My eleven-year-old has declared “family movie night” one of his favorite weekend activities. Mine too- at least in conception. But as I search for good older-kids-family movies that are both enjoyable and appropriate for parents and almost-tweens to watch together, I find myself despairing, since any screening must also include their six-year-old sister, who would have been happy with Sofia The First: Once Upon a Princess, Part 1. Again.
I have returned to some of my favorite films of yon 1980s, hoping to gain cool-mom cred by introducing my children to some Classic Humor. You would think I would have learned my lesson on this particular account by now: just because it’s hilarious does not mean your kids should watch it.
I beg of you. Learn from my mistakes.
MOVIES WHICH I THOUGHT WOULD WORK BUT THEN WERE SUDDENLY AND HORRIFYINGLY INAPPROPRIATE
The Bad News Bears. This is a movie chock full of adorable little scamps. And their alcoholic coach who curses a blue streak at them.

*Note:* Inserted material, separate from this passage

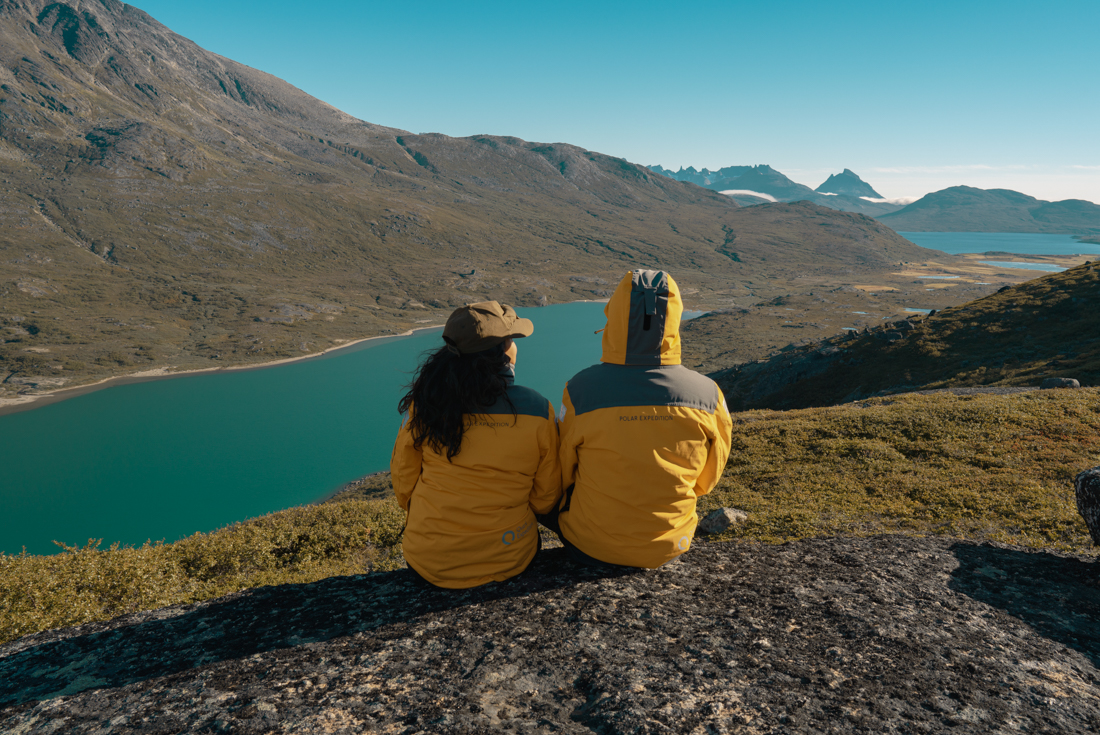 Travellers in yellow cold weather coats sit on a rocky outcrop looking out over Lindenow Fjord in Greenland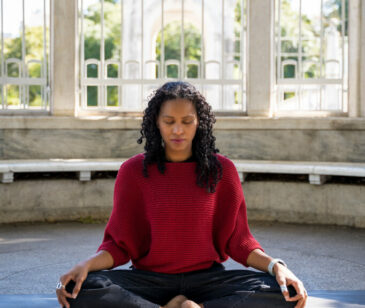 Erika Johanna Iluszko - Manas Yoga Studio owner in meditative pose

Ferris Bueller’s Day Off. This one would work well if you could just watch a highlight reel of Ferris singing in the shower, cut to pre-nose-job Jennifer Grey screaming in frustration, then straight to the parade float part. Screening the whole thing, however, means you get to hear, about three times a scene, what my nine-year-old calls “the ‘S’ word that is NOT ‘stupid.'” It’s like paid product placement for scatology.
Happy Gilmore. See above. Also, NOT funny (though my husband would profoundly disagree).
Sixteen Candles. Long Duk Dong has not aged well. Lots of boob talk. John Hughes is still a genius and all, but a fifth-grader does not need to see passed-out-drunk people and Molly Ringwald’s underwear.
Ace Ventura: Pet Detective. The talking-butt scene, I was prepared for, and ready to accept the breakfast-table consequences for some time to come. But the “tricky transsexual” humiliation/reveal in Act Three somehow escaped my mind. Homophobia, transphobia, LOTS of questions from a nine-year-old. And did I mention Nana was watching it with us? Although she napped. But that might have been out of mercy. To quote Ace himself: do NOT go in there.
Ghostbusters. Sigourney Weaver tries to seduce Bill Murray while possessed. Pretty creepy. Also, not as funny as you remember it. Like, at all.
MOVIE WHICH REALLY SHOULD HAVE BEEN FINE BUT IN RETROSPECT WAS NOT
Edward Scissorhands. He may have scissors for hands, but he’s sort of adorably spooky, and way more scared of Anthony Michael Hall than Anthony Michael Hall is of him. And maybe one curse word? However, in the month since we screened this film, my six-year-old needs to stand with her back against a wall whenever possible, so that Edward Scissorhands cannot sneak up behind her. Repeated Google searches of Johnny Depp being nice have not really led anywhere. Be warned, be warned.
THE ONLY MOVIE THAT HAS TRULY WORKED FOR FAMILY MOVIE NIGHT
Napoleon Dynamite. Might be my favorite movie. Best title sequence ever. The kind of squeaky-clean that could only be written and directed by a married couple who are Mormons. It also gets funnier the more you watch it, at least to a point.
But we might like to watch something else one of these Sunday evenings. Anyone have any suggestions? Or should I just lower my standards and cover my eyes?